Happiness is Destination Pain is the Process

Wednesday, April 25, 2007

BaCK TO WERK!!!!

After a "long" break, it's time to get back on my feet and WORK! Awww, it is really a drag man. Few Days at home, and im already feeling lazy to come back to the daily "no life" routine.

Yesterday, had a really long day but yet fun events with Zul and Fyza. Zul and Fyza came back from their night shift and meet me up ard 1030hrs at Tanah Merah InterChange and head off to Chinese Garden to our Destination "Jurong Swimming Complex". They must be tired.
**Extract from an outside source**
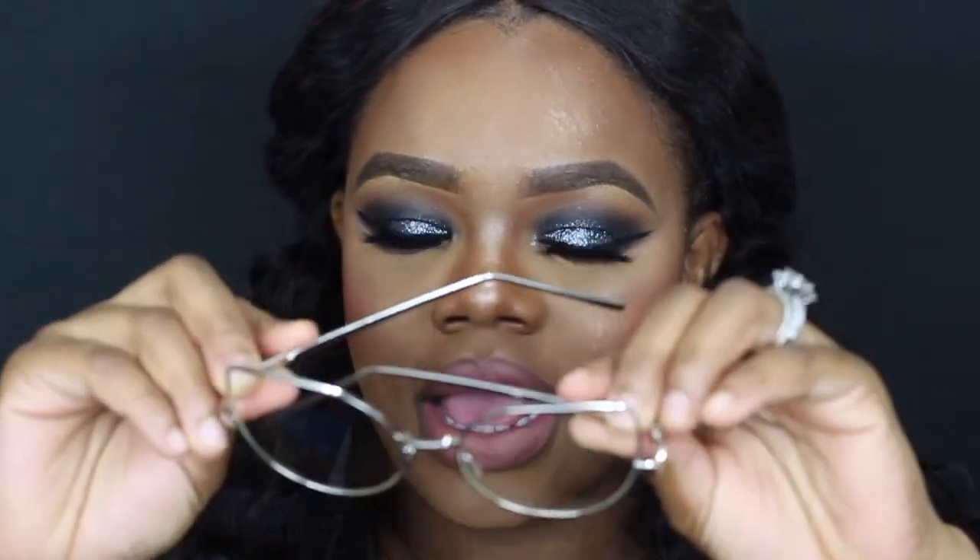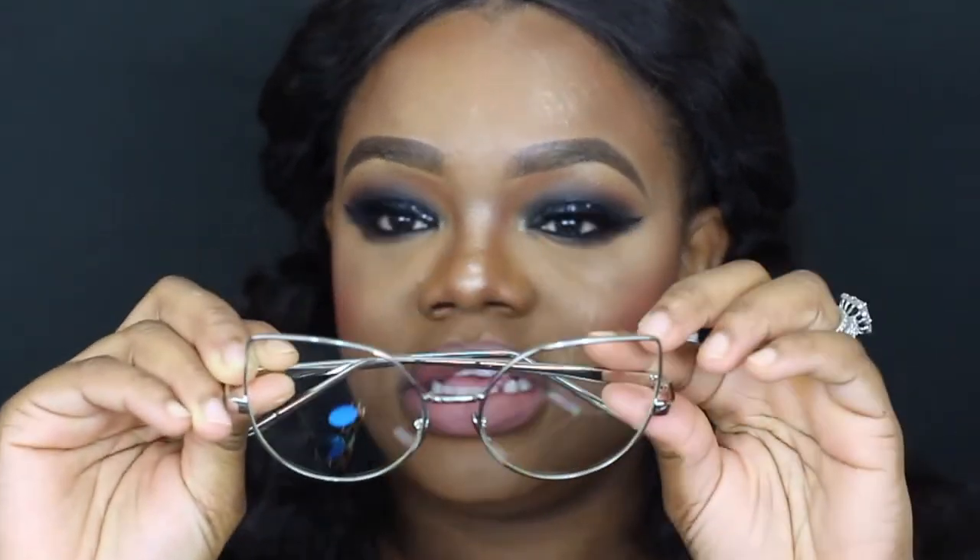The next ones are the silver cat ear clear sunglasses, and the quality is so bomb. When I got these I was like, yes! One thing I have to say — they didn't come with any scratches at all. They look super duper cute and super duper fun. I absolutely love this one.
Zul had a nap on my Bantal Shoulder while fyza is controlling not to sleep. So We Reach there, get changed..snap some pics. Since all of us will be jumping into the water, so the camera has to stay inside the locker. So, if you are hoping to see us playing in the pool..guess not!:-P. We spent almost 2 hours there. I really like the man made wave...HEHE. So cool...and Shiook!! Ehough of Soaking ourselves, we get changed and head off to PizzaHut/KFC and had our Lunch. Gosh! u cant believed, we were totally Famished. We Ordered so Much...more like a 6 PerSon Meal..HaHA..We ORder a Reg Super SupReme Pizza, 1 Lasagne, 10 pc Sweet and Spicy Drumlets, Garlic Bread, Starry Muchies and 2 Cheese Fries and of coz..2 Lemon Tea, 1 can of PEpsi and 1 BOttle of PEpsi since we bought the Meal. HAHa..can u Imagine 3 Young Ladies ate that Much. HEHE!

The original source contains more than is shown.